As with nearly every non-profit, especially LGBTQ+ ones (as the Pride Center showed very visibly), 2025 was a very hard year for finances for us. Major changes in governmental policy removed billions from the public space; even organizations like ours, which never got federal money directly, suffered greatly, because of federal money that previously reached us indirectly through foundations and other sources, and because while the need was getting higher, nearly everyone was scrambling for a bigger share of a shrinking pot of funds.
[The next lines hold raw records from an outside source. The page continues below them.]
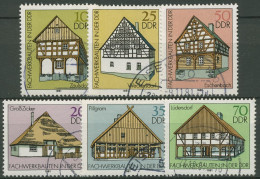 DDR 1981 Bauwerke Fachwerkhäuser 2623/28 Gestempelt - Used Stamps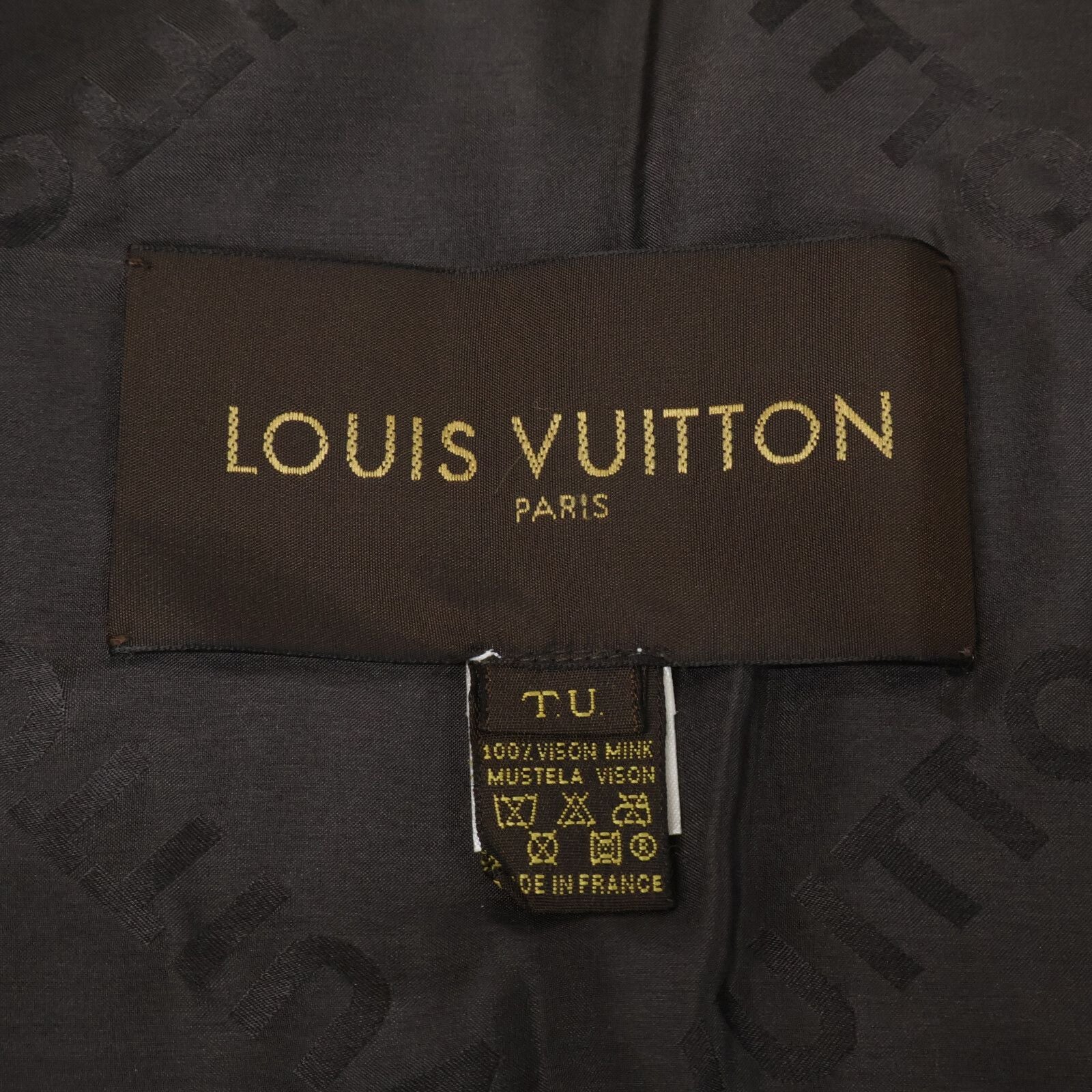 Louis Vuitton Monogram Mink Scarf — view 6
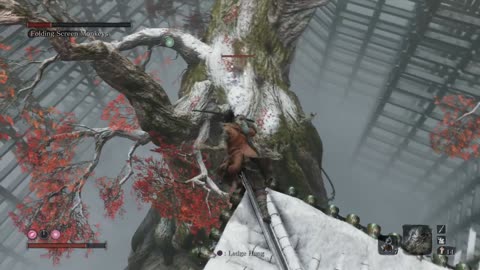 Sekiro Shadows Die Twice ,Sekiro Shadows Die Twice Folding Screen Monkeys Boss Fight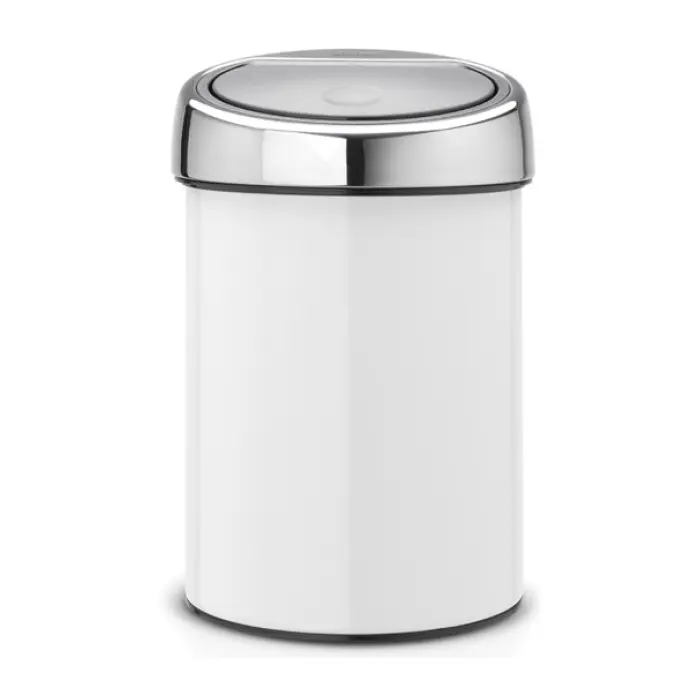 Кош за смет Brabantia Touch Bin 3L, White, (35941002)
In addition, most of our funding in both 2023 and 2024 came as a result of flood relief efforts following the historic July 10th floods in both years. While most of that funding went on to the Rainbow Relief program, and most of that to direct support, this still left the Center a lot more wiggle-room for its operating expenses like rent and office supplies. Much to Barre’s relief, 2025 brought no comparable flood, but that also meant RBCC got no comparable influx of funding.
While we are nearing our four-year anniversary, it is an inescapable fact that, throughout that entire time, we have never had a recurring funding source that comes anywhere near our monthly operating expenses. In fact, our rent plus associated occupancy costs amount to almost three thousand dollars a month, while our recurring monthly income is less than an eight of that. Thus far, the difference has been made up almost entirely by a series of one-time windfalls, such as those post-flood donations. In 2025, that didn’t continue to happen.
Therefore, in 2026, barring some unforeseen good fortune, we anticipate closing our physical space and “going mobile”, moving all of our groups, clubs, events, and services to other venues. We look forward to this letting us bring our presence to more of Central Vermont. We hope to use 2026 to develop a robust fundraising system that will not only sustain our current activities, but eventually let us restore some of what we’ve had to let go of, including staffing, programs that have run out of funds, and eventually opening a new physical drop-in space. It’s important that we use this time to build a solid foundation for funding before we start to extend ourselves back into those kinds of things, though. We’ve been balanced on a knife’s edge too long.
We look forward to continuing to spread queer joy and community in these increasingly trying times, and hope we’ll be able to count on you to help us make our presence more rock-solid than ever in 2026.